## TASK DESCRIPTION:
What follows is a set of records. Retype them exactly, leaving out the pictures.

═══ DATASET ═══

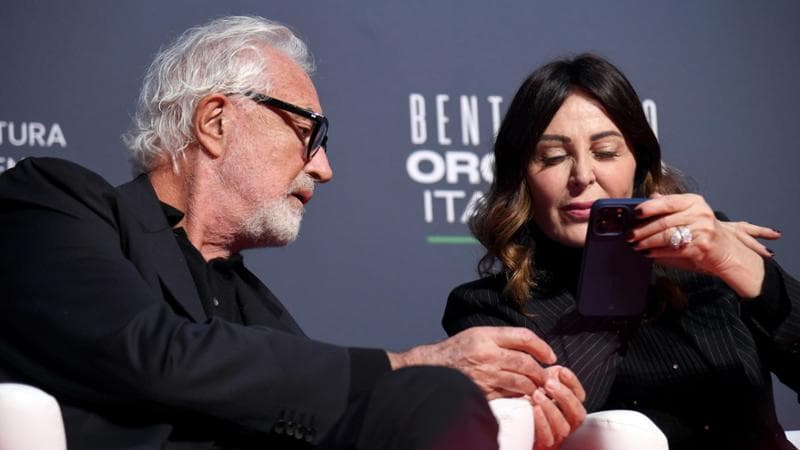 Briatore, show ad Atreju. E Arianna Meloni assolve il marito “ferroviere”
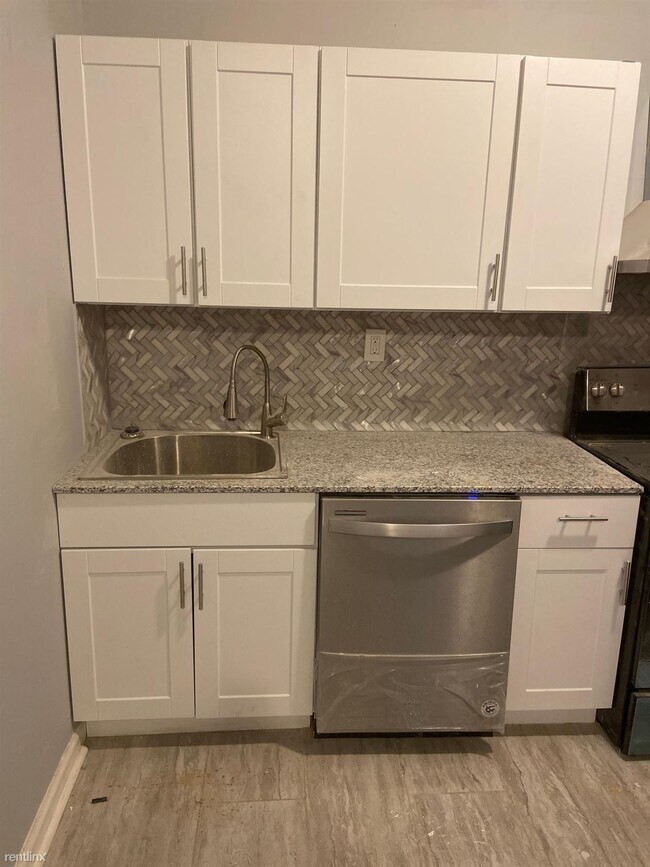 Building Photo - 2 br, 1 bath Duplex - 3506 Nebraska Avenue 1F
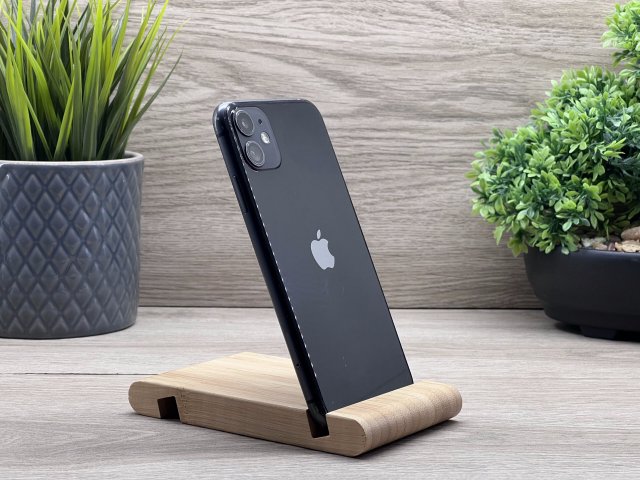 iPhone 11 Black 64GB 2 ÉV Garanciával Számlával Aksi 100%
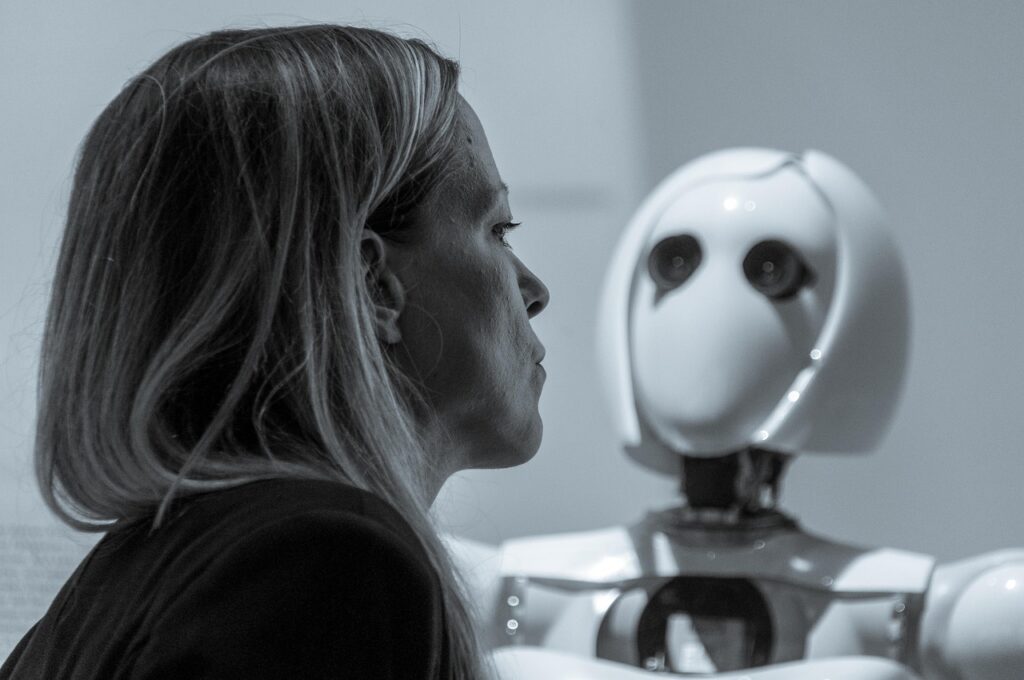 未来的な人型ロボットの顔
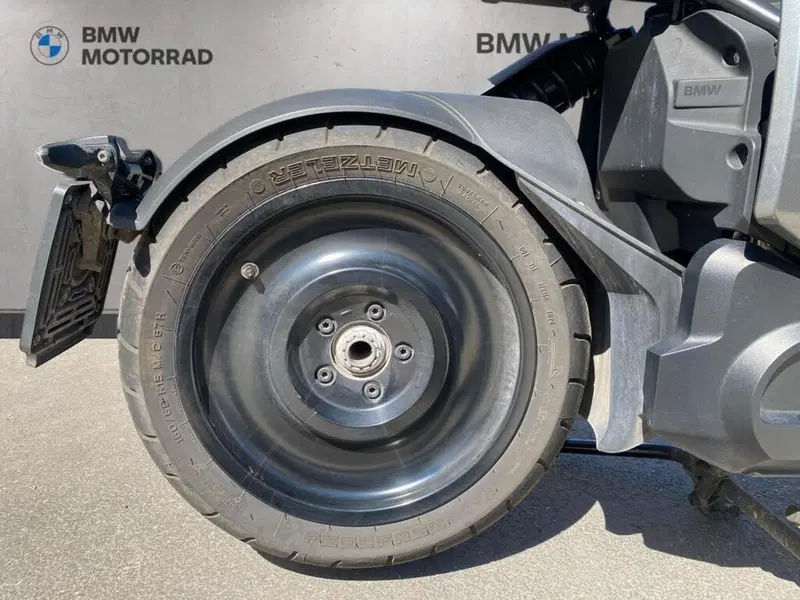 Bmw CE 04 (2021 - 25) (6)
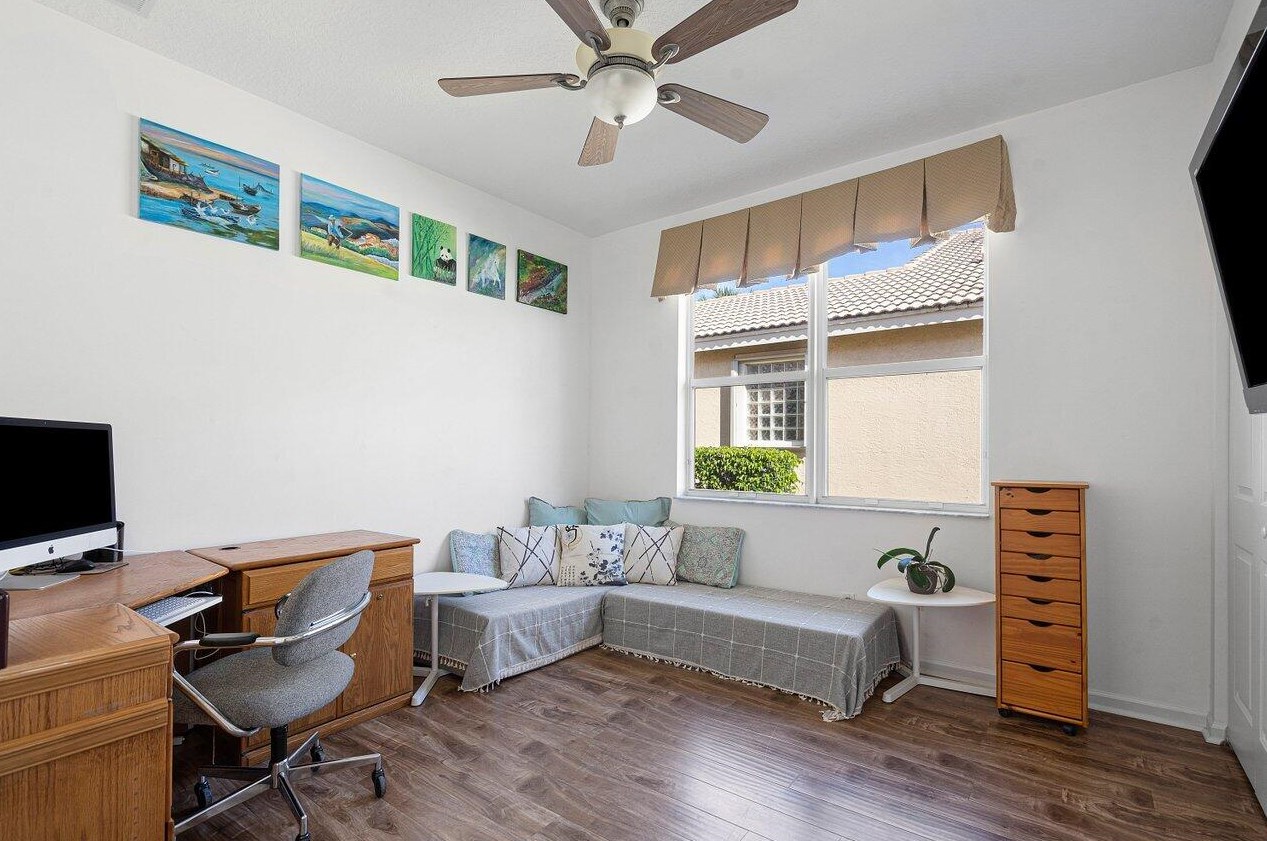 12039 Oakvista Dr, Boynton Beach FL 33437-6351 exterior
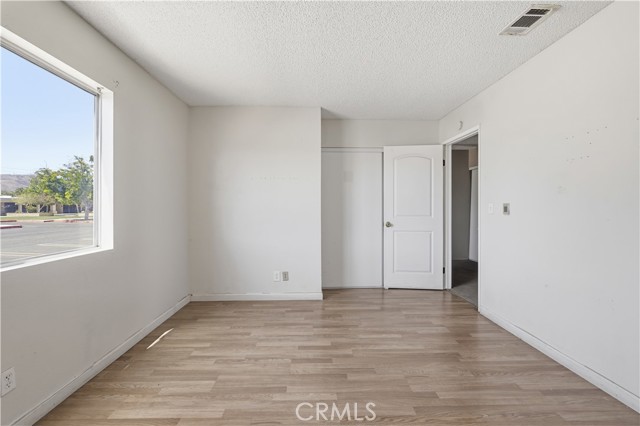 1700 E Avenue Q14, Palmdale CA: https://media.crmls.org/medias/cb741dd6-c499-4621-a4ec-7709e7ac0a9f.jpg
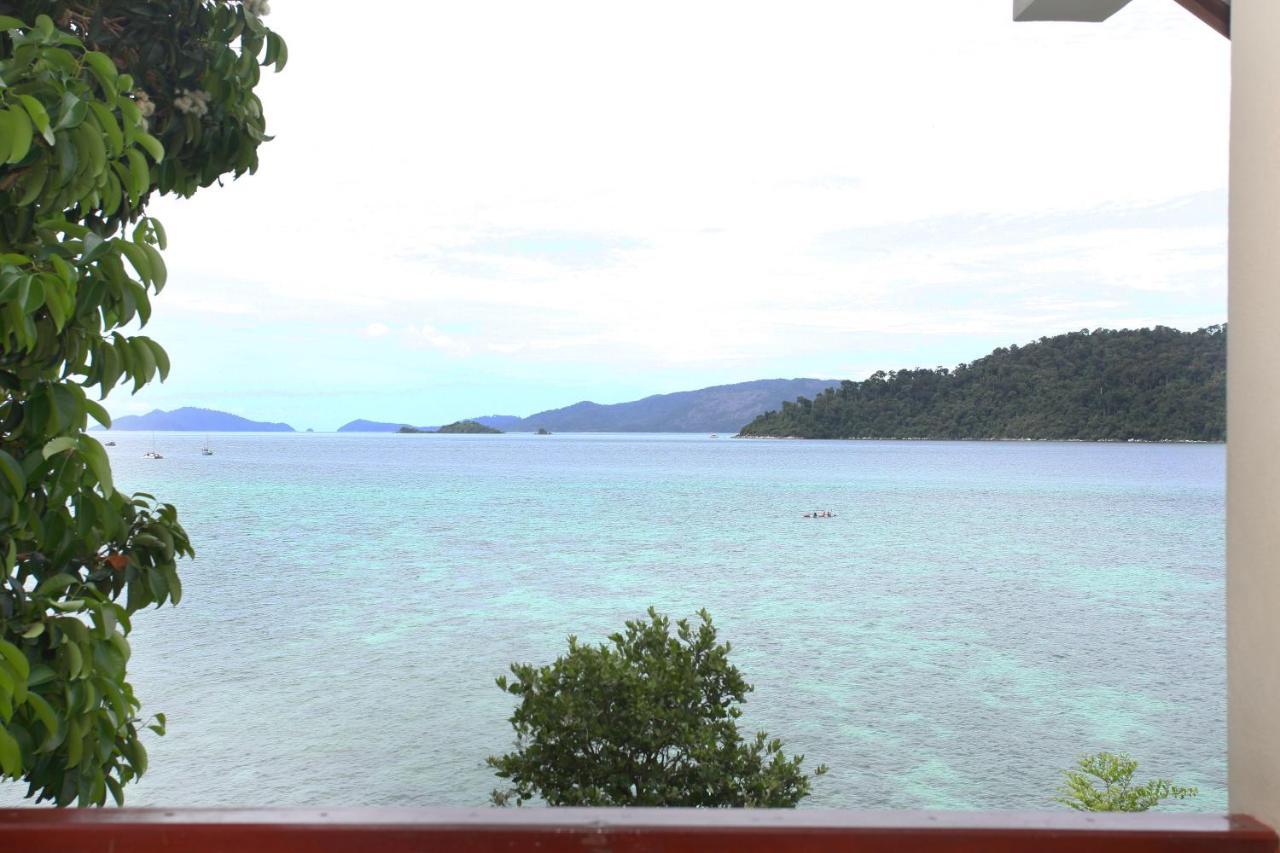 Adang Sea Eco-village Sunset Hotel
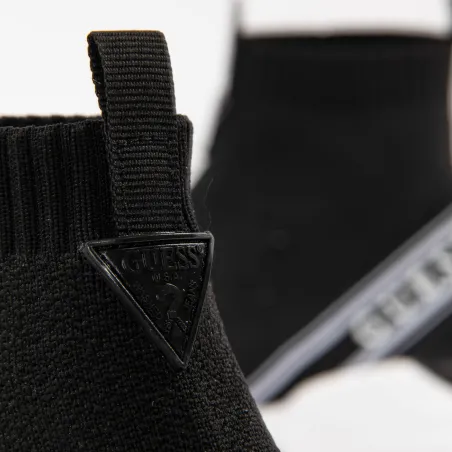 Produits victimes de leur succès Guess Noir Style chaussettes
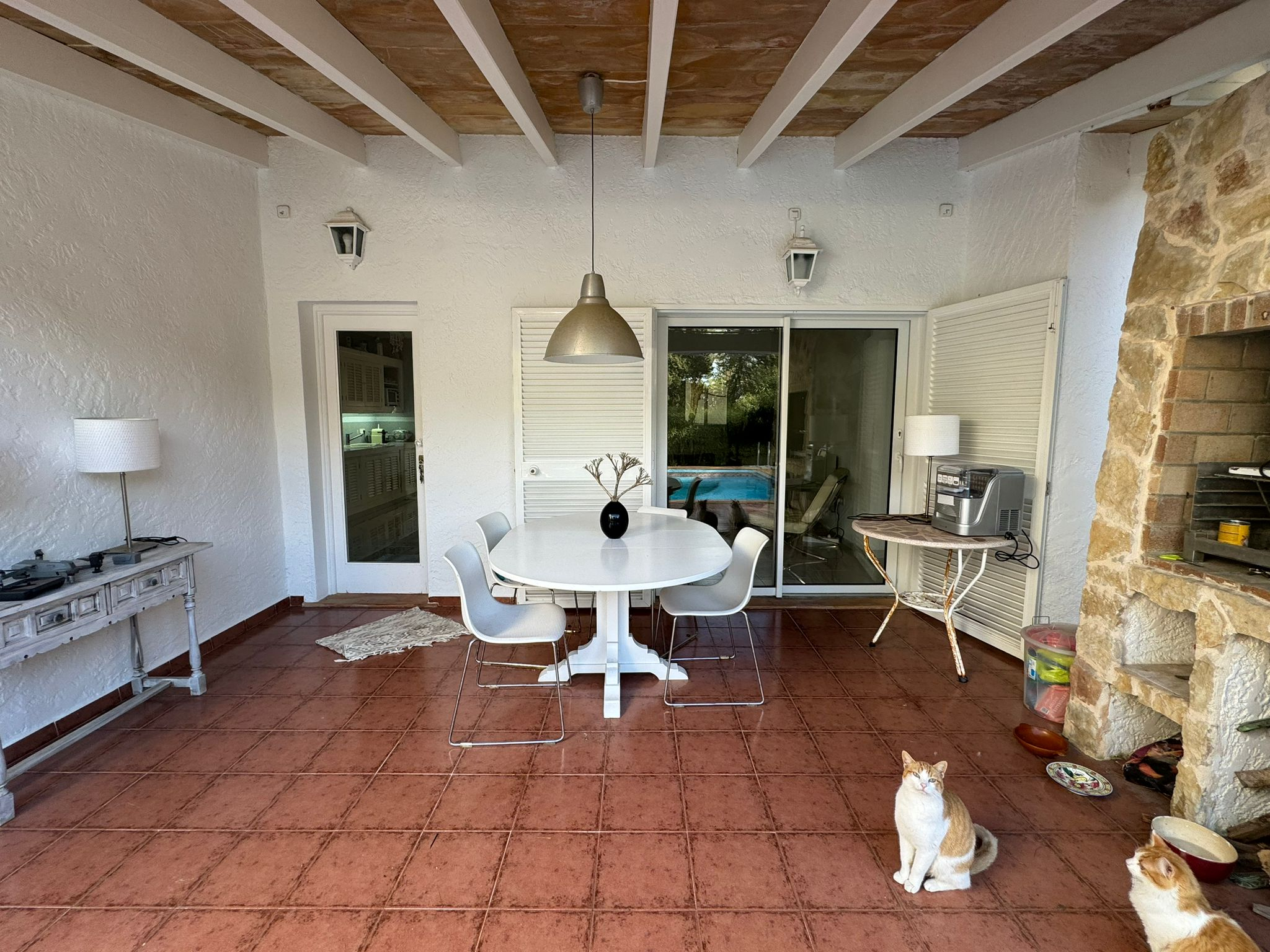 fc5d9d8578a06f6d4c69c78df34d3f3a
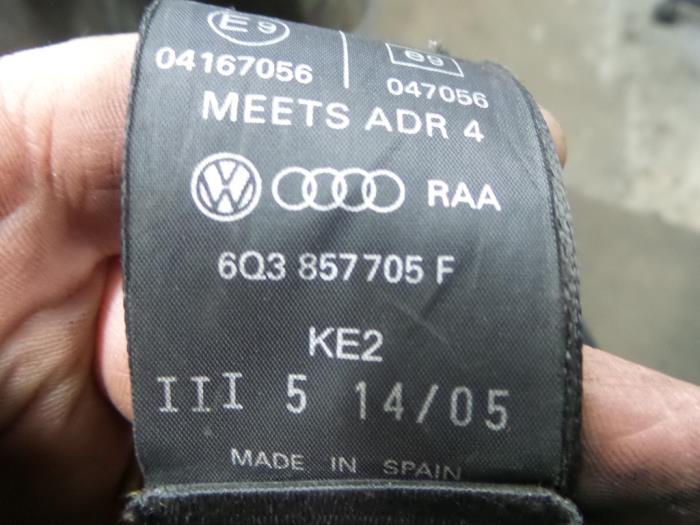 Tendeur de ceinture gauche d'un Volkswagen Polo 2006
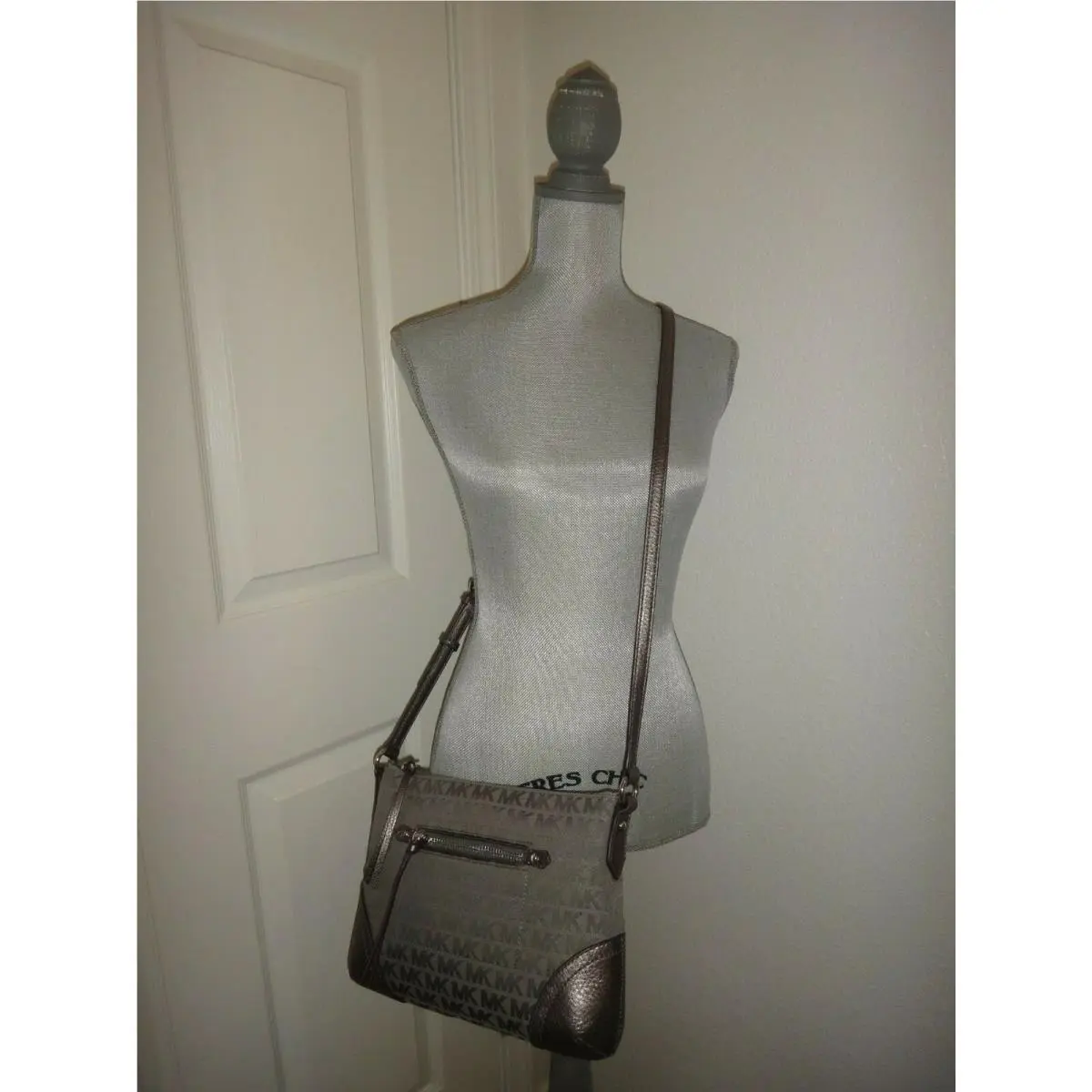 Michael Kors Women`s Fallon Gray MK Signature Jacquard MD Messenger Shoulder Bag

═══

## EXERCISE RESULT:
 Briatore, show ad Atreju. E Arianna Meloni assolve il marito “ferroviere”
 Building Photo - 2 br, 1 bath Duplex - 3506 Nebraska Avenue 1F
 iPhone 11 Black 64GB 2 ÉV Garanciával Számlával Aksi 100%
 未来的な人型ロボットの顔
 Bmw CE 04 (2021 - 25) (6)
 12039 Oakvista Dr, Boynton Beach FL 33437-6351 exterior
 1700 E Avenue Q14, Palmdale CA: https://media.crmls.org/medias/cb741dd6-c499-4621-a4ec-7709e7ac0a9f.jpg
 Adang Sea Eco-village Sunset Hotel
 Produits victimes de leur succès Guess Noir Style chaussettes
 fc5d9d8578a06f6d4c69c78df34d3f3a
 Tendeur de ceinture gauche d'un Volkswagen Polo 2006
 Michael Kors Women`s Fallon Gray MK Signature Jacquard MD Messenger Shoulder Bag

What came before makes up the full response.